POST your input parameters to the model's REST endpoint (shown in the API tab of this playground) with your WaveSpeedAI API key in the Authorization header. Submission returns a prediction ID. Poll the result endpoint starting around every 2 seconds, increase the interval for long-running tasks, and stop on any terminal status. The playground generates production-oriented Python, JavaScript, and cURL examples with timeouts, transient-error handling, and safe GET retries. Full request/response shape is documented at https://wavespeed.ai/docs/docs-api/wavespeed-ai/flux-dev-lora.
Flux Dev Lora starts at $0.015 per run. That figure is the base price — the final charge scales with the parameters you set in the form (output size, length, count, references, or whatever knobs this model exposes), so a higher-quality or larger output costs more than a minimal one. The exact cost for your current input is shown live next to the Generate button before you submit, and the actual per-call charge is recorded on the prediction afterwards.
Key inputs: `prompt`, `image`, `size`, `seed`, `guidance_scale`, `num_inference_steps`. The full JSON schema (types, defaults, allowed values) is rendered above the Generate button and mirrored in the API reference at https://wavespeed.ai/docs/docs-api/wavespeed-ai/flux-dev-lora.
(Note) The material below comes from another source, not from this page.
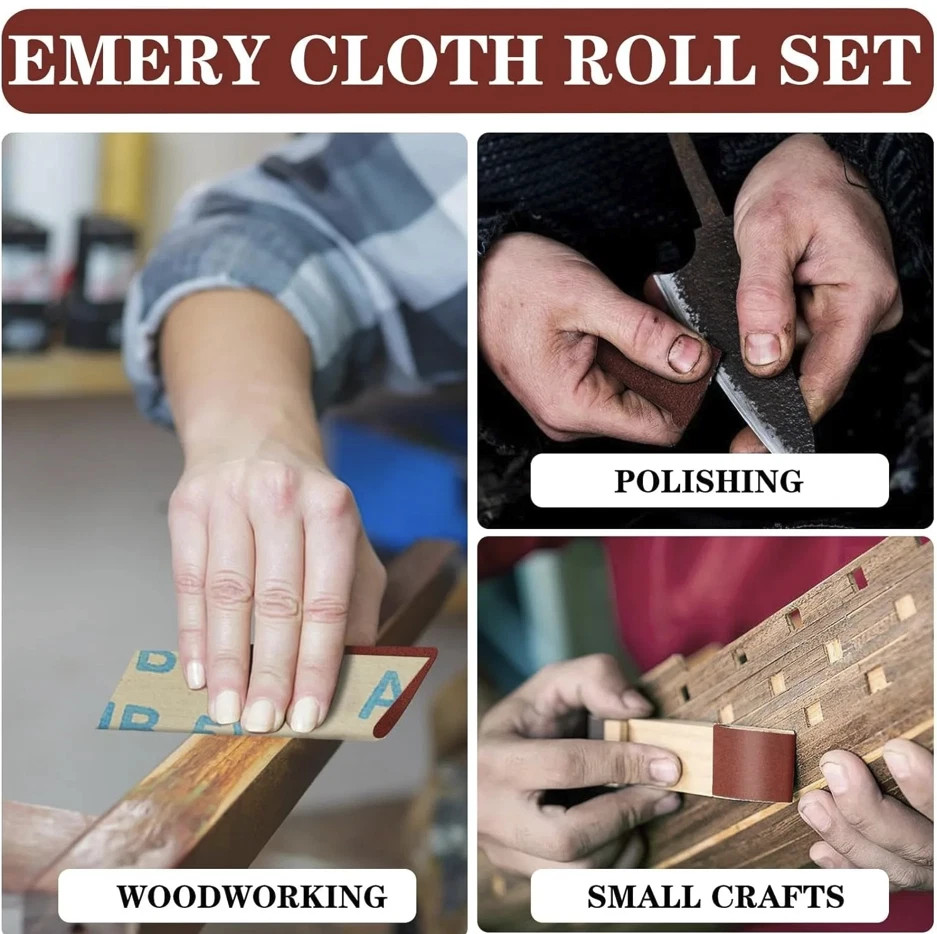 1pc 5M Emery Cloth Sandpaper Roll 1Inch Wood Metal Polishing Tape – NEW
Median end-to-end generation time on WaveSpeedAI is around 18 seconds per request, based on recent successful runs. Queue time varies with global demand; live status is visible in the prediction record.
Commercial usage rights depend on the model's license, set by its provider (WaveSpeedAI). The license summary appears on the model card above; see WaveSpeedAI's Terms of Service for platform-level conditions.